Islamist fear: France to prosecute terrorist camp attendees(traitors?)...

Masked special forces police escort a member of the Islamist community under heavy guard in Coueron, near Nantes.(Reuters / Stephane Mahe)
Masked special forces police escort a member of the Islamist community under heavy guard in Coueron, near Nantes.(Reuters / Stephane Mahe)
The French government has drafted a law to prosecute citizens suspected of attending Islamist militant camps abroad. Authorities will also be able to eavesdrop on the online activities of “potential terrorists”.
France’s new socialist government outlined the hardline measures in a draft bill six months after extremist Mohamed Merah gunned down seven people, including three Jewish children in front of a school in Toulouse.
If the legislation is passed by parliament, citizens suspected of having committed terrorist activity outside of France will be taken into custody for questioning and possible trial, whereas before this was only possible if suspects were on French soil.
Spokesperson for President Francois Hollande’s government Najat Vallaud-Belkacaem said that they expected to pass the bill before the end of this year.
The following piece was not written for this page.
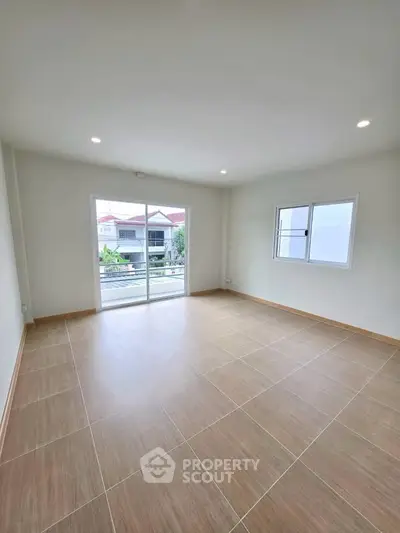 Spacious empty room with large windows and balcony view, perfect for customization.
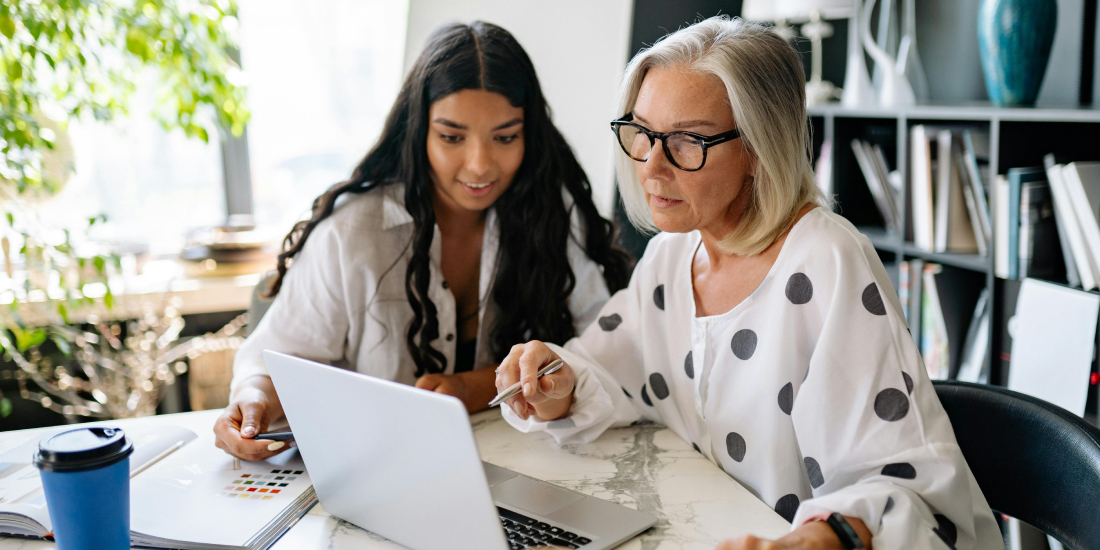 Older female estate agent helping a younger female estate agent on the laptop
She stressed in a press statement that the “terrorist threat remains at a very high level in France.”
"We have laws in place that allow that keep tabs on pedophiles abroad, but not for potential terrorists. We must ensure that we take the same action against them as pedophiles and sex tourists," commented an intelligence specialist on Tuesday to AFP.
The bill also looks set to extent special measures that allow police access to private communications that were due to expire at the end of 2012. The law would extend these powers until 2015 with the possibility of a vote to make them permanent.
"The terrorist threat remains high-level in France," said a government statement on the new legislation. "It is essential that we can detect when people, collectively or individually, embark on the road to radicalization and terrorist violence."
French police came under fire following Merah’s shooting spree six months ago for failing to act on intelligence dating back to 2009 that linked the gunman to foreign Islamist groups.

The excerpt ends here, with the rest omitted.